DATA EXTRACTS =>
*** Begin section ***

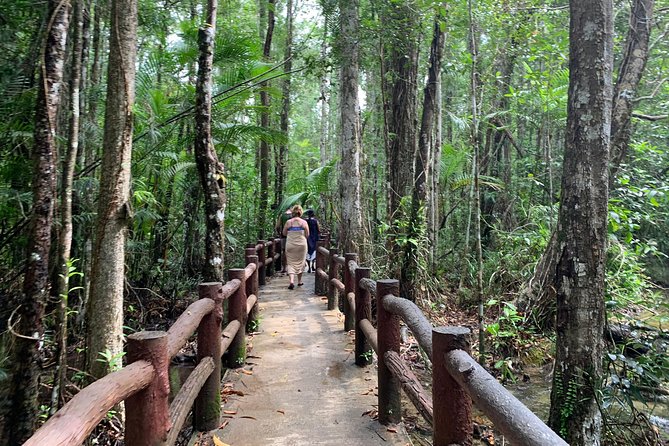 All day Krabi Jungle Tour (Hot Spring Water, Emerald Pool, Tiger Cave Temple) - The rainforest path to Emerald Pool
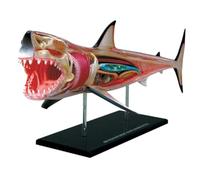 Kit d'enseignement d'anatomie animale - Modèle de squelette de requin dissectionnable 4D pour laboratoire de biologie et d'enseignement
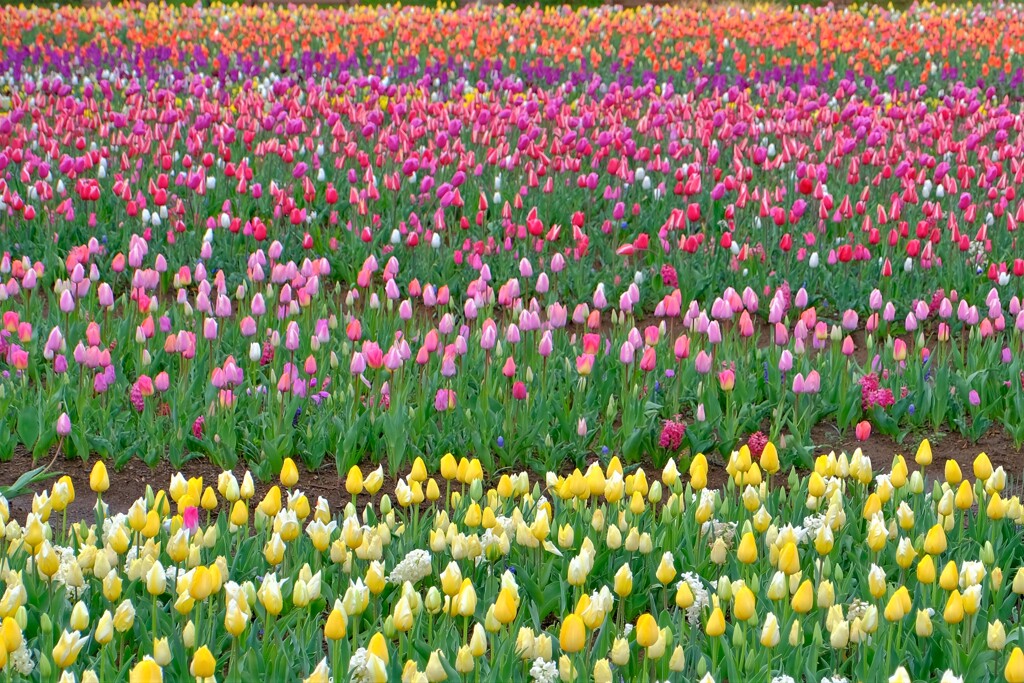 散歩の途中で。④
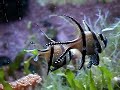 Bangaii Cardinalfish (Pterapogon kaudernii) Courtship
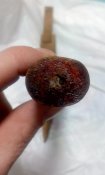 IMG_20180127_224205.jpg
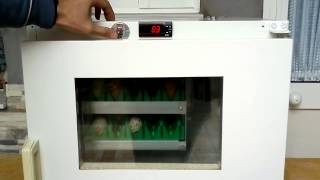 incubadora nacedora automatica casera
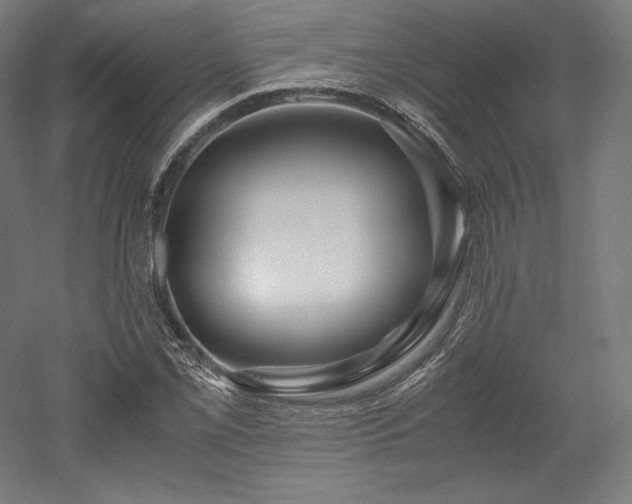 X0000052651069200507011406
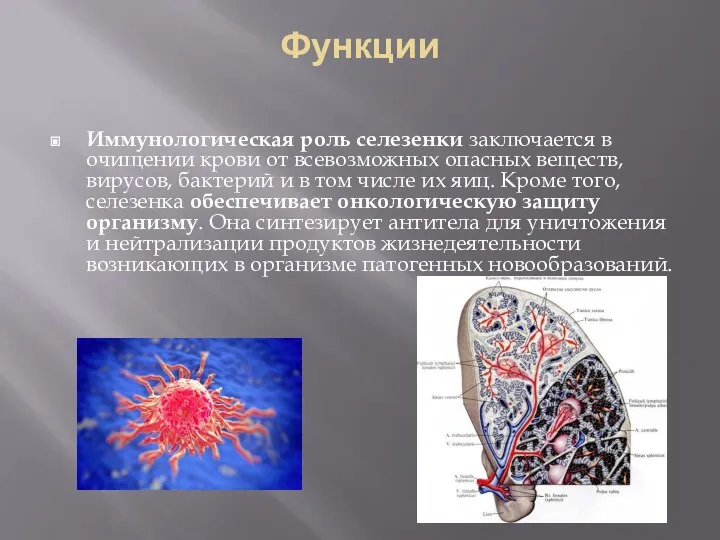 Функции Иммунологическая роль селезенки заключается в очищении крови от всевозможных опасных веществ,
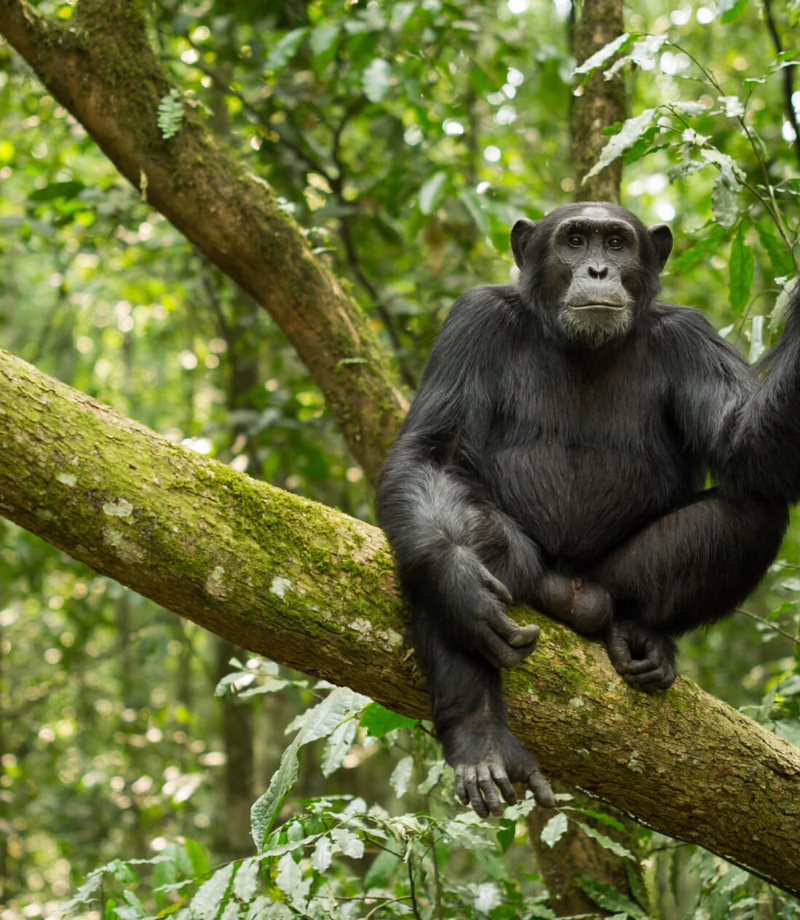 Kibale, Uganda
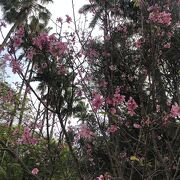 南海学園 台北植物園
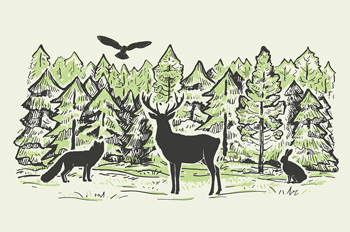 woodland creatures in a forest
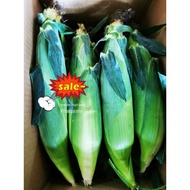 Cameron Highlands FRESH - PEARL SWEET CORN - 金马伦珍珠玉米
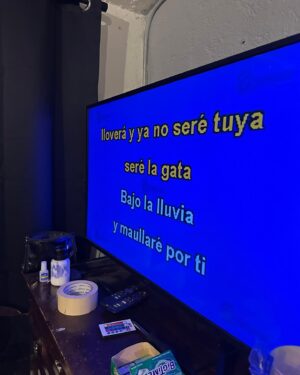 Mon Laferte Instagram - Querido 2024, gracias por todas las cosas buenas que me diste a mi y a mis seres queridos, también gracias por las enseñanzas, hubo dolores de corazón, un par de llantos y locura, pero aprendí mucho.  Este 2025 quiero ser mejor mamá, dejar de fumar, hacer yoga todos los días, hacer el mejor disco de mi vida, escribir muchos poemas, leer más libros, estar más tiempo en casa, ser mejor artista, mas creativa, mejor amiga, mejor pareja, cuidar mejor mis plantitas, preocuparme más por mi mamá, ir a Japón, tocar mejor el piano, aprenderme un poema de memoria, bailar tango, comer saludable, bajar ese par de kilitos que gané al ser mamá, contestarle el wasap a mis amigos, reír más, llorar más, no juzgarme, ser mejor amiga, aprender inglés, hacerme el skincare todos los días, soltar el TOC, bajar la ansiedad, silencio, más silencio, aprender a estar sola, cuidarme y ojalá por fin, aprender a amarme. 
les deseo mucho amor a todos, que este 2025 sea mejor. Adiós mi amor 2024, gracias.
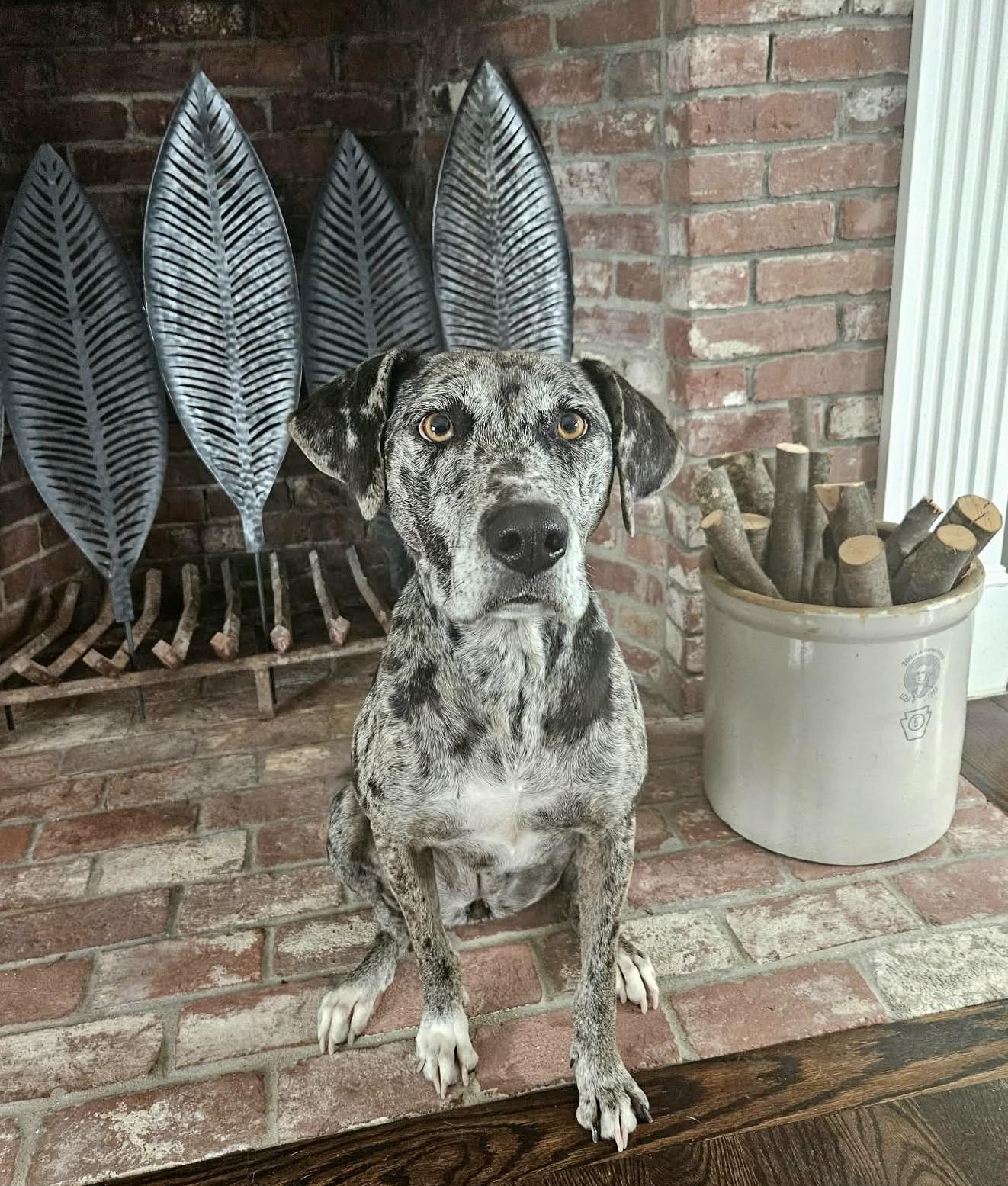 Amelia - MA, a ADOPTABLE mixed breed in Merrimac, MA image 5/6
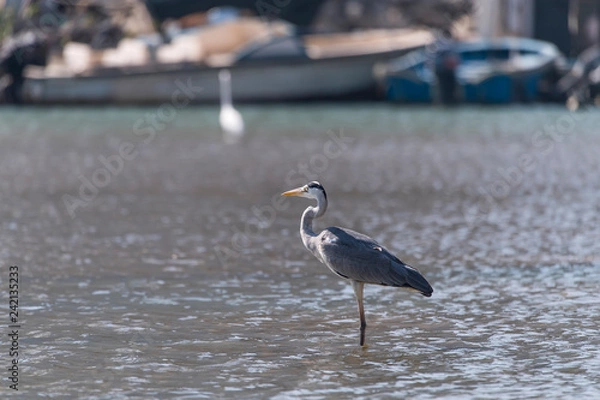 Fototapeta Gray heron.Wildlife in natural habitat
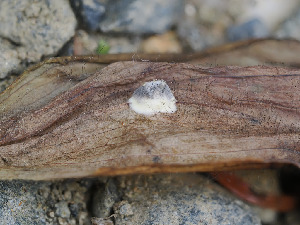  ( - FDS-CA-06765)  @11 [ ] by (2024) Justin Paulin Fungal Diversity Survey
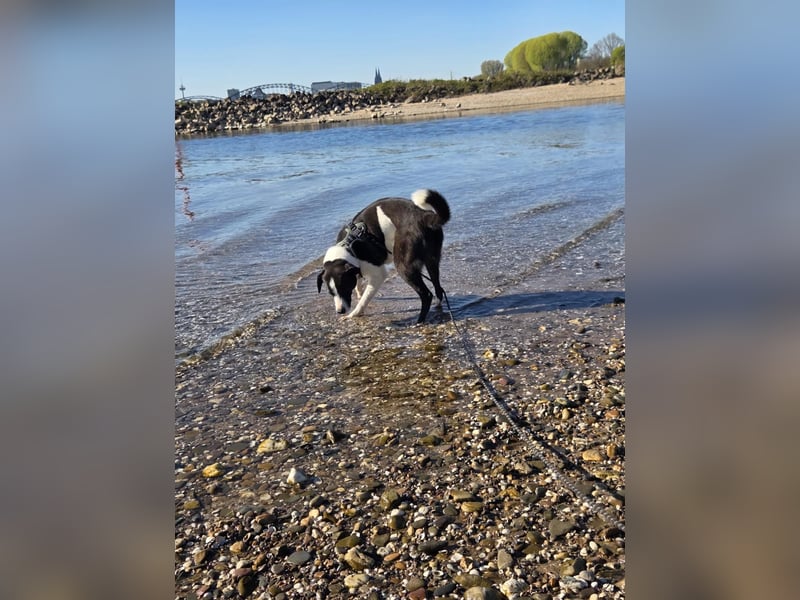 YAELA, superliebe Kuschelmaus, 2,5 Jahre, 52 cm, Mischling, Tierschutz Rumänien, Pflegestelle Köln
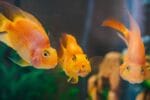 5 Important Tips to Help You Set Up Your Home Aquarium | Spurzine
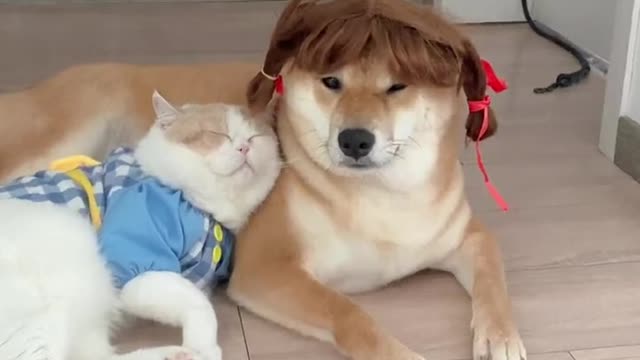 Cute and Funny Cat Videos/ Smile Cats and Dancing Cats #E005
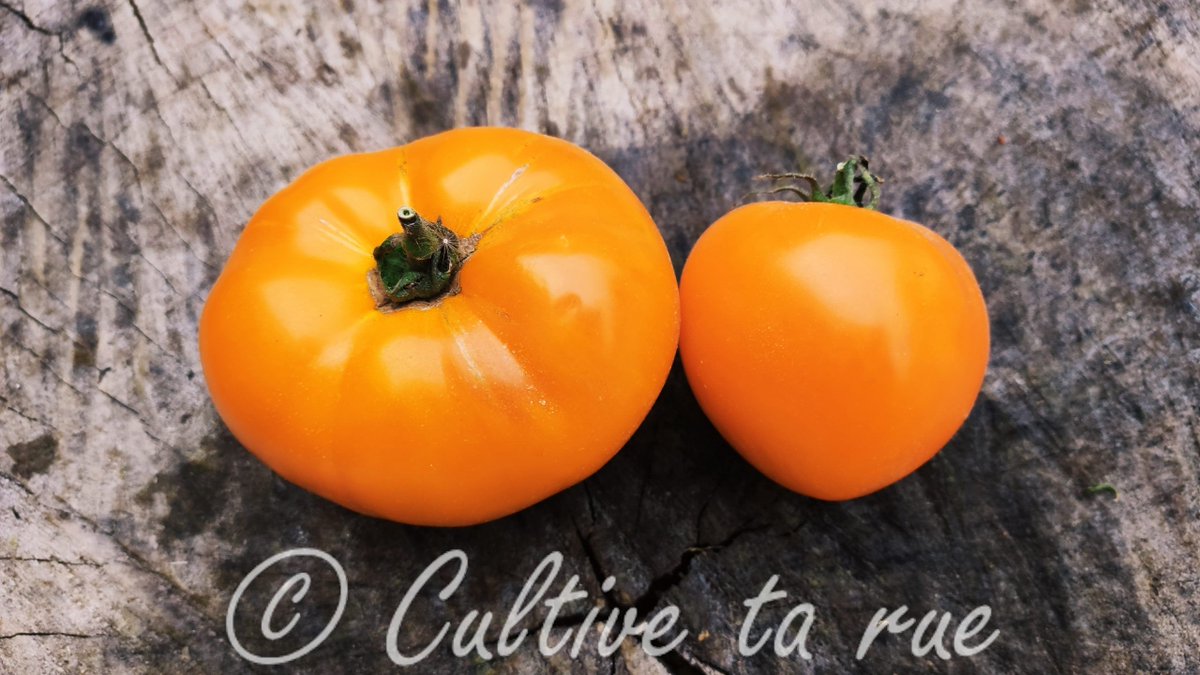 CultiveTaRue's tweet image. CULTIVE TA RUE

Zolotoï Zapas 

coeur 
Russie 
tardive 
Semi-déterminé 
Infos : cultivetarue.fr/produit/zoloto…
#tomato #biodiversity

*** End section ***

AIM OF THE EXERCISE => A verbatim copy is needed of the lines running from the line with "Cameron Highlands FRESH" to the end of the data above, both included. Keep the pictures out of it.

RESPONSE TO THE EXERCISE =>
 Cameron Highlands FRESH - PEARL SWEET CORN - 金马伦珍珠玉米
 Mon Laferte Instagram - Querido 2024, gracias por todas las cosas buenas que me diste a mi y a mis seres queridos, también gracias por las enseñanzas, hubo dolores de corazón, un par de llantos y locura, pero aprendí mucho.  Este 2025 quiero ser mejor mamá, dejar de fumar, hacer yoga todos los días, hacer el mejor disco de mi vida, escribir muchos poemas, leer más libros, estar más tiempo en casa, ser mejor artista, mas creativa, mejor amiga, mejor pareja, cuidar mejor mis plantitas, preocuparme más por mi mamá, ir a Japón, tocar mejor el piano, aprenderme un poema de memoria, bailar tango, comer saludable, bajar ese par de kilitos que gané al ser mamá, contestarle el wasap a mis amigos, reír más, llorar más, no juzgarme, ser mejor amiga, aprender inglés, hacerme el skincare todos los días, soltar el TOC, bajar la ansiedad, silencio, más silencio, aprender a estar sola, cuidarme y ojalá por fin, aprender a amarme. 
les deseo mucho amor a todos, que este 2025 sea mejor. Adiós mi amor 2024, gracias.
 Amelia - MA, a ADOPTABLE mixed breed in Merrimac, MA image 5/6
 Fototapeta Gray heron.Wildlife in natural habitat
  ( - FDS-CA-06765)  @11 [ ] by (2024) Justin Paulin Fungal Diversity Survey
 YAELA, superliebe Kuschelmaus, 2,5 Jahre, 52 cm, Mischling, Tierschutz Rumänien, Pflegestelle Köln
 5 Important Tips to Help You Set Up Your Home Aquarium | Spurzine
 Cute and Funny Cat Videos/ Smile Cats and Dancing Cats #E005
 CultiveTaRue's tweet image. CULTIVE TA RUE

Zolotoï Zapas 

coeur 
Russie 
tardive 
Semi-déterminé 
Infos : cultivetarue.fr/produit/zoloto…
#tomato #biodiversity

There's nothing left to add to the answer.